START Data for this exercise

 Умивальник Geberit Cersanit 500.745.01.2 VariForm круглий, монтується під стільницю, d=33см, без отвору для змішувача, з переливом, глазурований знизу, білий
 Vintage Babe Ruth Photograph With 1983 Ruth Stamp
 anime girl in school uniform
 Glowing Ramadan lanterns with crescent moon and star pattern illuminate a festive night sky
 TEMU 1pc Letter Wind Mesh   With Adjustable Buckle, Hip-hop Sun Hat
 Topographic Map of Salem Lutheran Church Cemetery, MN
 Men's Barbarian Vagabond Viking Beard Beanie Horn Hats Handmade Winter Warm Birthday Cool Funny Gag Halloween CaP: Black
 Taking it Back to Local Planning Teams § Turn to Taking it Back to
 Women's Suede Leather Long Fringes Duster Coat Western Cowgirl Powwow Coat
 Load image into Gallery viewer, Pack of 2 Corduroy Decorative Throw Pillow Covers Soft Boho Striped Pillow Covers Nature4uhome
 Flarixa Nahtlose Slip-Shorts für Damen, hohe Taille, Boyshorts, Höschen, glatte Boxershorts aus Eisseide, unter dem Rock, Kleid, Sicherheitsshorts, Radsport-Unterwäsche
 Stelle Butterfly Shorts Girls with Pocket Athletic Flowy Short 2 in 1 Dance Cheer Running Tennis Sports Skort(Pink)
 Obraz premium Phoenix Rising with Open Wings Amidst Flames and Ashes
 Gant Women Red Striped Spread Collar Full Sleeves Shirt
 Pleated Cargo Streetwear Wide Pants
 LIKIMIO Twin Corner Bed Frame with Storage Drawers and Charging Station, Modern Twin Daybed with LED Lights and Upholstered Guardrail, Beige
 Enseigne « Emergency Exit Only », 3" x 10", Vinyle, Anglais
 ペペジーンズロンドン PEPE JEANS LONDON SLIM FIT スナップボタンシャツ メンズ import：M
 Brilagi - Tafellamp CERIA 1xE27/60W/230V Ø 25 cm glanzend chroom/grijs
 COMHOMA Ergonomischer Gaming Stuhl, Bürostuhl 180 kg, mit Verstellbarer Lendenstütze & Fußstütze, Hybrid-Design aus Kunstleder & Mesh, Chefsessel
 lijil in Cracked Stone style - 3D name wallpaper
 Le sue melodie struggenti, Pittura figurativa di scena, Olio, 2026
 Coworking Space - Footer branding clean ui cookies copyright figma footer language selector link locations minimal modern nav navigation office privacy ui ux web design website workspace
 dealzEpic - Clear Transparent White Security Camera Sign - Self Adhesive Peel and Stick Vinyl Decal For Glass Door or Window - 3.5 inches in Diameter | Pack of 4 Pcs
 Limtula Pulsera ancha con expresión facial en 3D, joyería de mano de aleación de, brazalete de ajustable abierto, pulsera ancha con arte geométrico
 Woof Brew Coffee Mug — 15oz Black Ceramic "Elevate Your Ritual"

END Data for this exercise

**Work to be completed:** After locating the line with "Flarixa Nahtlose Slip-Shorts" above, return that line and every later line through the one with "Limtula Pulsera ancha", word for word and with nothing else.

**Written solution:**
 Flarixa Nahtlose Slip-Shorts für Damen, hohe Taille, Boyshorts, Höschen, glatte Boxershorts aus Eisseide, unter dem Rock, Kleid, Sicherheitsshorts, Radsport-Unterwäsche
 Stelle Butterfly Shorts Girls with Pocket Athletic Flowy Short 2 in 1 Dance Cheer Running Tennis Sports Skort(Pink)
 Obraz premium Phoenix Rising with Open Wings Amidst Flames and Ashes
 Gant Women Red Striped Spread Collar Full Sleeves Shirt
 Pleated Cargo Streetwear Wide Pants
 LIKIMIO Twin Corner Bed Frame with Storage Drawers and Charging Station, Modern Twin Daybed with LED Lights and Upholstered Guardrail, Beige
 Enseigne « Emergency Exit Only », 3" x 10", Vinyle, Anglais
 ペペジーンズロンドン PEPE JEANS LONDON SLIM FIT スナップボタンシャツ メンズ import：M
 Brilagi - Tafellamp CERIA 1xE27/60W/230V Ø 25 cm glanzend chroom/grijs
 COMHOMA Ergonomischer Gaming Stuhl, Bürostuhl 180 kg, mit Verstellbarer Lendenstütze & Fußstütze, Hybrid-Design aus Kunstleder & Mesh, Chefsessel
 lijil in Cracked Stone style - 3D name wallpaper
 Le sue melodie struggenti, Pittura figurativa di scena, Olio, 2026
 Coworking Space - Footer branding clean ui cookies copyright figma footer language selector link locations minimal modern nav navigation office privacy ui ux web design website workspace
 dealzEpic - Clear Transparent White Security Camera Sign - Self Adhesive Peel and Stick Vinyl Decal For Glass Door or Window - 3.5 inches in Diameter | Pack of 4 Pcs
 Limtula Pulsera ancha con expresión facial en 3D, joyería de mano de aleación de, brazalete de ajustable abierto, pulsera ancha con arte geométrico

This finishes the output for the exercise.